羽漠尘赶到现场的时候只剩一片狼藉,一片松林全部被拦腰斩断,绿色松针铺满了整片黄色草地,羽漠尘趔趄地走在里面,发现了几把仍然鲜嫩的草药。颤颤巍巍地捡起来,一股由心而起的压抑直冲上喉间,声音瞬时变得沙哑起来:“韩子陌,韩子陌!”
他试探地叫着她,可目之所及里面都没有她,也没有芥子王。
地上都是夏商的手下,夏商也才匆匆赶来,只看到羽漠尘仿佛失了魂,趔趄地穿梭在残木之下,每一声“韩子陌”都透着深深的绝望和祈盼。
四海第一海官,原来也有害怕的时候。
深林静谧,他的叫声引来一阵阵飞鸟盘旋在空,仿佛在谴责他的聒噪。羽漠尘继续跑着,试图找到一丝一缕的线索,一丝一缕她尚且安全的线索。
崩溃无力之际,一丝虚弱的声音让他从虚无的空洞里回过神来。一块碧石旁边的草动了动。
一口气跑近,小心翼翼地靠过去。
“羽漠尘?你怎么来的这么快?”韩子陌使劲挪了挪身体,虚弱地抬起头来,眼睛却是笑着。
看到这副景象,羽漠尘那紧绷的情绪瞬间崩溃成泥,他蹲下来,手指颤颤巍巍地抚上她的双肩,上上下下看一遍,好在是功力匮乏的虚弱,没有伤到要害。喉咙却还是发紧得说不成话。
“韩……韩子陌,你怎么样?哪里难受?”
“我没事啊,就是有点累,站不起来了……你这问题的口气怎么跟个医师似的?”韩子陌滔滔不绝,也觉得此刻的羽漠尘有些不一样了。
羽漠尘再也顾不得其他,向前一倾,猛地将她拥入怀中。
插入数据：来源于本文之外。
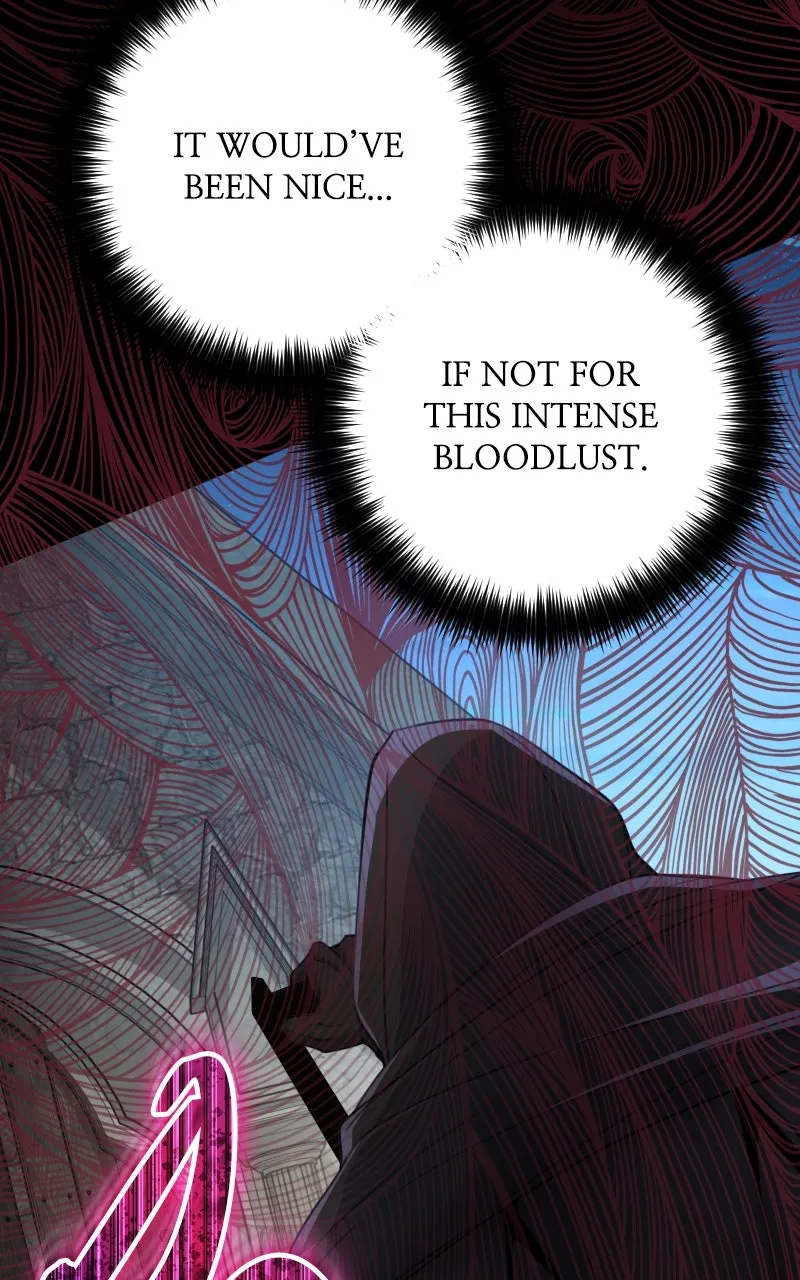 Read The Genius Spirited Streamer chapter 36 image 134 on Lezhin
手越收越紧,害怕怀里的人只是泡沫幻影,恨自己让他独自面对危险的境地,也庆幸,庆幸她没事。
韩子陌浑身僵住,任由他的头深埋在自己的肩颈,刻意压制的呼吸惹得她浑身都有些软。两身紧紧相贴,他身上很明显地在颤抖着。
“羽漠尘,你怎么了?”韩子陌轻轻拍拍他的后背,高贵的羽家家服都已经被汗水浸湿。
正要回抱住他的那一刻,束在身上的力气倏地消失,他放开了她。
他似乎是有些懊恼,但还是心平气和地与她道:“芥子王呢?”
“跑了呀,”韩子陌低头去看他,嘻嘻道:“羽漠尘,你是不是很担心我?”
羽漠尘看着她的眼睛,看着看着便低下头去。
眼里进沙子了,得闭一会儿才会好。
“我……真的是你说的那个人吗?”韩子陌低声问出来,本来是打算等今日赛事结束再聊的,可是她好像没有那么豁达,没有表现出来的这样不甚在意。
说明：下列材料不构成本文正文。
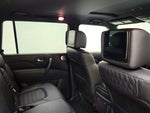 2023 QX80 Thumbnail 26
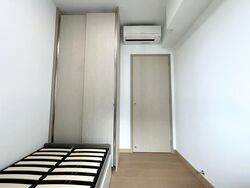 Treasure at Tampines (D18), Condominium #567649831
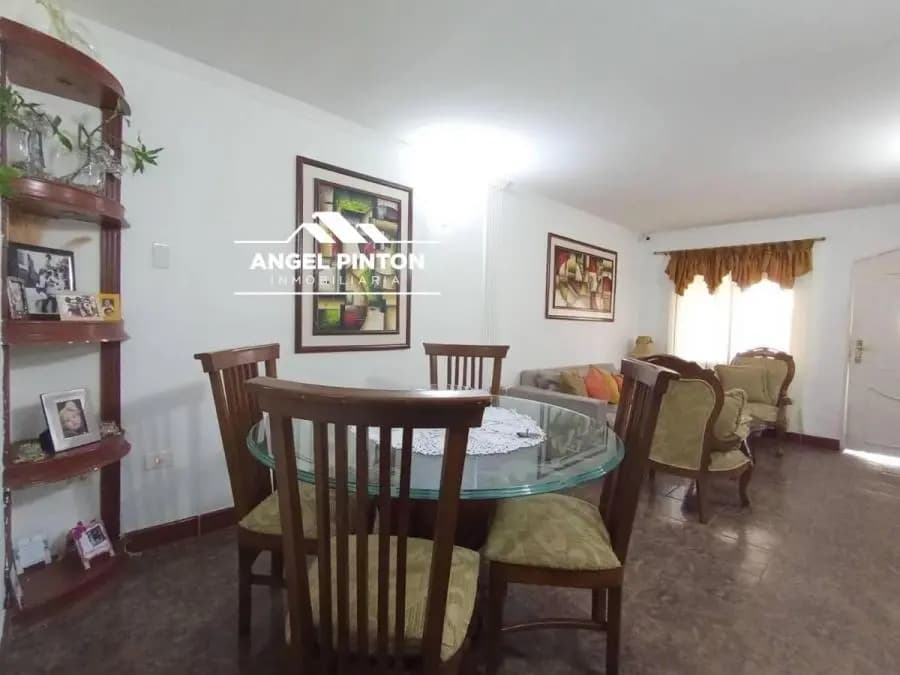 Casa en Venta en SUR Maracaibo - 4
“你能拿得起行羽剑,你只有是她,才解释得通。”他抬起头来,他以后,就要与她兄妹相称了吗?
“你说的那个女孩身上有什么胎记之类的标记吗?这样更可信一点啊。”韩子陌试图找出一些事实的牵强。
羽漠尘摇摇头,笑了:“怎么?你不想与我们羽家有关系?”
韩子陌毫不客气地点点头:“不想。”
“为什么?”
“因为……”韩子陌邪魅一笑:“因为不能喜欢你啊,真是可惜了,羽先生这样良配不知道要便宜了谁喔。”
话落出来,心底却泛起一丝隐隐作痛的不甘。
她有些心虚地笑了笑,向自己确认是在开玩笑。
羽漠尘怔愣了片刻,哪怕她只是玩笑的语气,他也无法淡然地去面对这番话。他起身将她背到身上,她紧紧揽着他的脖子,看不见他不知所措的模样。